Task description: Your answer must be the full listing, word for word, with no images in it.

Recorded data:

========================================================================

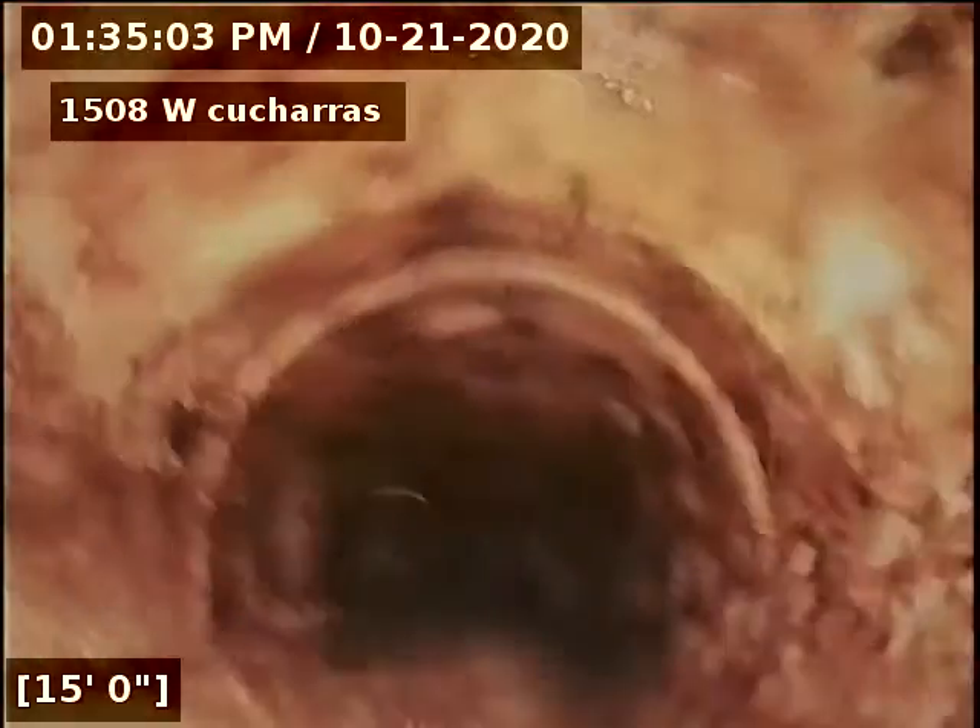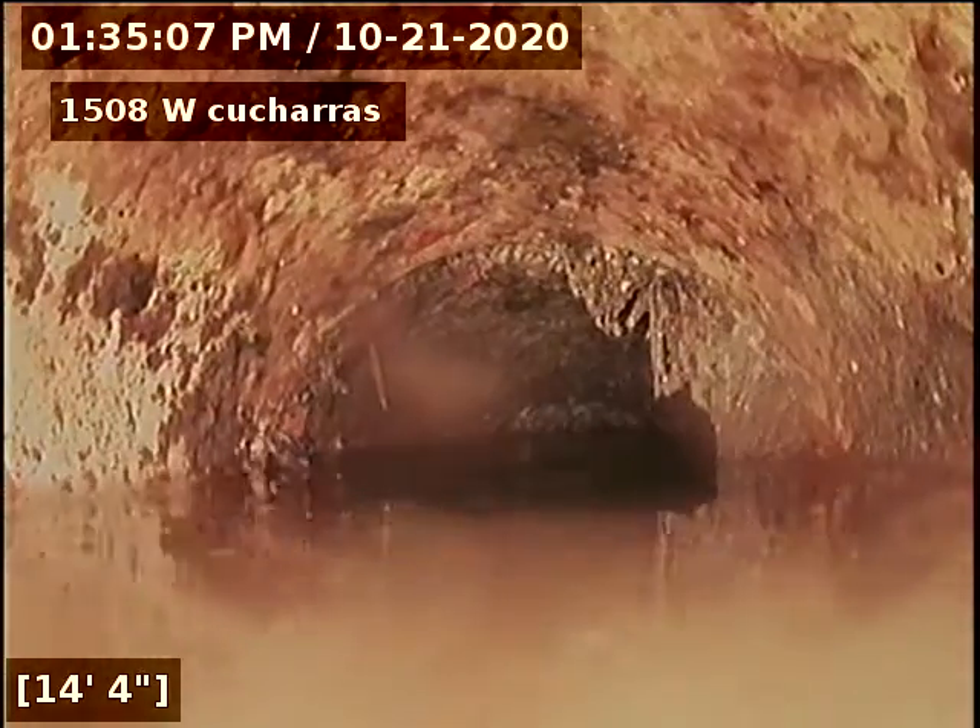Having some trouble getting past whatever this is. Going to let the water die down a little bit and see what's happening here. You can see the line starting to hold water.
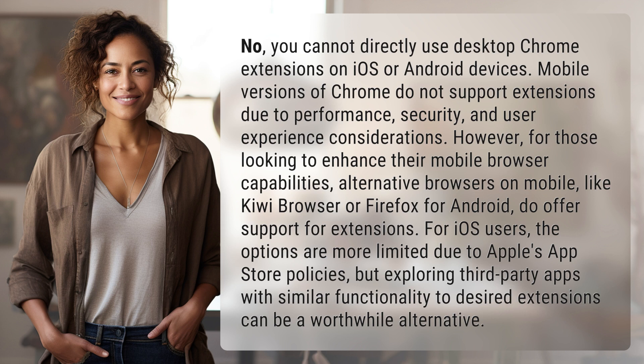For iOS users, the options are more limited due to Apple's App Store policies, but exploring third-party apps with similar functionality to desired extensions can be a worthwhile alternative.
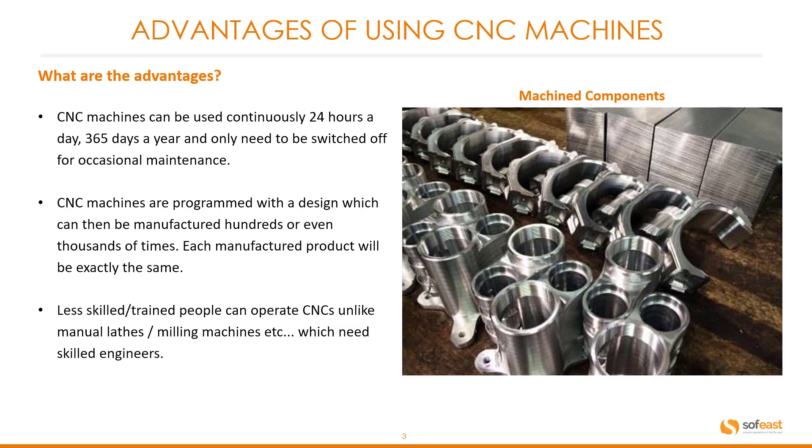CNC machines can be used continuously 24 hours a day, 365 days a year, and only need to be switched off for occasional maintenance. CNC machines are programmed with a design which can then be manufactured hundreds or even thousands of times. Each manufactured product will be exactly the same.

========================================================================

Output below:
Having some trouble getting past whatever this is. Going to let the water die down a little bit and see what's happening here. You can see the line starting to hold water.
For iOS users, the options are more limited due to Apple's App Store policies, but exploring third-party apps with similar functionality to desired extensions can be a worthwhile alternative.
CNC machines can be used continuously 24 hours a day, 365 days a year, and only need to be switched off for occasional maintenance. CNC machines are programmed with a design which can then be manufactured hundreds or even thousands of times. Each manufactured product will be exactly the same.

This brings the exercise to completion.